The arrival of 13,000 in the space of 48 hours, many crossing fields & some dodging police, has proved too much for one of the EU's less prosperous states in a crisis that has divided the 28-nation bloc & left it scrambling to respond.

A record 473,887 refugees & migrants have crossed the Mediterranean to Europe so far this year, the International Organization for Migration said, most of them from countries at war such as Syria who are seeking a better, safer life.

Hundreds of thousands have been trekking across the Balkan peninsula to reach the richer European countries north & west, especially Germany, which is preparing to accept 800,000 asylum seekers this year.

But that has wrongfooted the European Union, which has come up with no usual policy to deal with the biggest wave of migration to Western Europe since World War Two.

Hungary acted on its own to shut the main route this week by closing its border with Serbia, leaving thousands of migrants scattered across the Balkans searching for alternative paths.

Croatia, offering one of the few overland routes to Germany that would bypass Hungary, found itself suddenly overwhelmed.

While Zagreb initially made welcoming statements, Milanovic said he had called a session of Croatia's National Security Council & that it was time to deal with the problem differently. The president has told the military to be ready if called on to assist stop the flow of people.

Croatia, the EU's newest member state, has already closed almost all roads from the border. Interior Minister Ranko Ostojic said if the crisis continued "it is a matter of time" before the border was shut completely, though Milanovic, in his remarks, questioned whether even that would keep migrants out.

Police have rounded up many migrants at the Tovarnik railway station on the Croatian side of the border with Serbia, where several thousand spent the night under open skies.

Some kept travelling & reached tiny Slovenia overnight. Many did so by evading the police & trekking through fields or travelling by train.

Worried by the situation, Slovenia stopped all rail traffic on the main line from Croatia. Slovenia, unlike Croatia, is a member of Europe's Schengen zone of border-free travel, an significant goal for refugees to reach.

"We are so exhausted," Hikmat, a bare-footed 32-year-old Syrian woman from Damascus, said near the Croatian border with Serbia after a journey, like many others, by sea & then through the Balkans.

She said she had been travelling for two months with her son, & added: "Look at me. I just want to obtain anywhere where we will be safe."


After failing to agree on a plan to distribute 160,000 refugees across the EU — just a fraction of the numbers arriving this year — the bloc has called a summit for next Wednesday to work on a united response.

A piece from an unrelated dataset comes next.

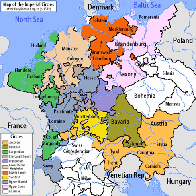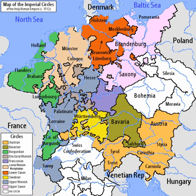In 1512, the Diet at Trier and Cologne organized these lands into three more circles: the Austrian Circle, including the Habsburg territories inherited by Maximilian I; the Burgundian Circle, including the patrimony of Maximilian's late wife Mary of Burgundy; and the Electoral Rhenish Circle, including the ecclesiastical electorates of Mainz, Cologne, and Trier, and the secular electorate of the Palatinate.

Tempers are fraying among some migrants. In the Croatian town of Beli Manastir, just over the border from Hungary, angry groups of Afghan & Syrian migrants, waiting for trains to Zagreb, fought with rocks & sticks at a ticket office.

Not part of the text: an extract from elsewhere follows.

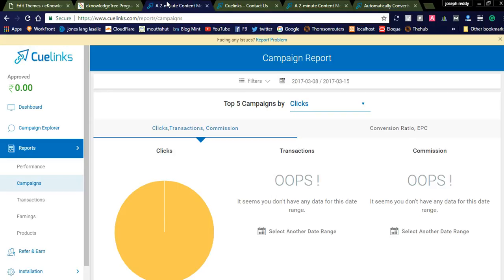Hi friends, welcome to Naya Videos. Today I would like to share and review Q-Links affiliate marketing network. Q-Links affiliate marketing network is mostly used by Indian bloggers, which helps to make extra money from blogging. By using Q-Links affiliate marketing, you can convert all your content into affiliate marketing links. You can select Q-Links for your Indian blog to promote affiliate links.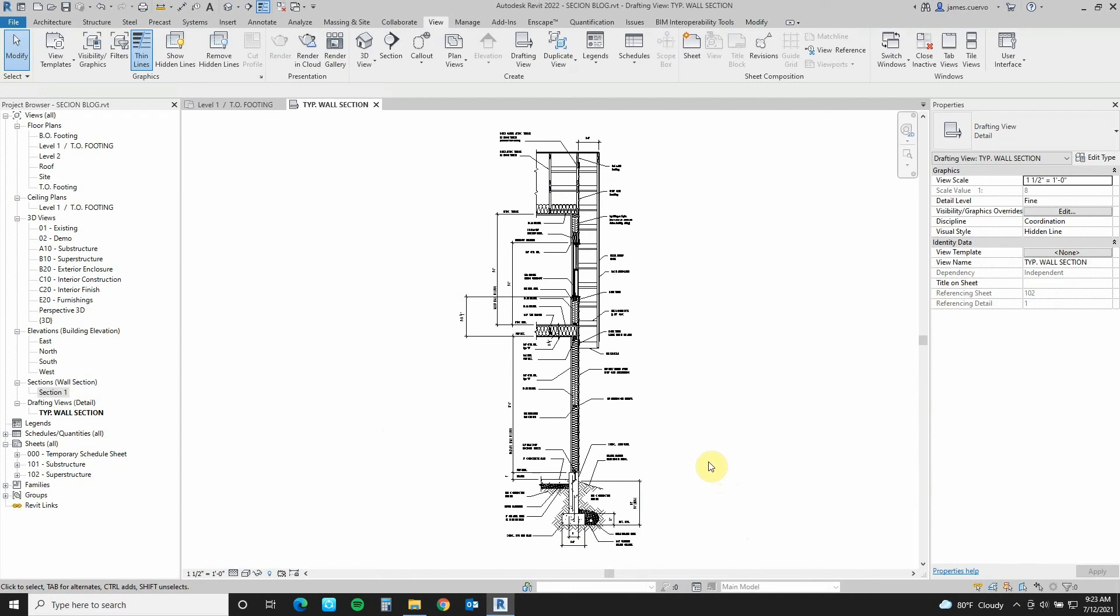Very well. With that, we see how not only we can bring in our AutoCAD details that we have in our detail library, but we can also then have our sections reference these particular details that were brought in. I hope you've enjoyed it. This has been Jim Cuervo for Digital Drafting Systems saying, have a great day. Stay safe. Thank you for watching. Till the next one.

Rocks, smashed bottles & broken sticks littered the ground. A handful of police in ordinary uniforms tried to restore control.

At the Tovarnik railway station, around 3,000 migrants waited for buses & trains in the heat, women & children searching for shade under sparse trees.

“I didn’t expect such a reaction from Europe,” said Dara Jaffar, from Aleppo in Syria. “They first open the doors then they close them. They punish the people.”

Relations between EU states have moreover been damaged, with several suspending the Schengen rules to restore emergency border controls to slow the flow.

Germany, which is planning to host by far the largest number of refugees, says other EU countries must do their part.

Some other EU states, especially former Communist countries in the east, reject quotas to accept refugees. They accuse Berlin of exacerbating the problem & encouraging the overland surge by suspending EU rules to announce in August it would take in Syrian refugees wherever they enter the EU.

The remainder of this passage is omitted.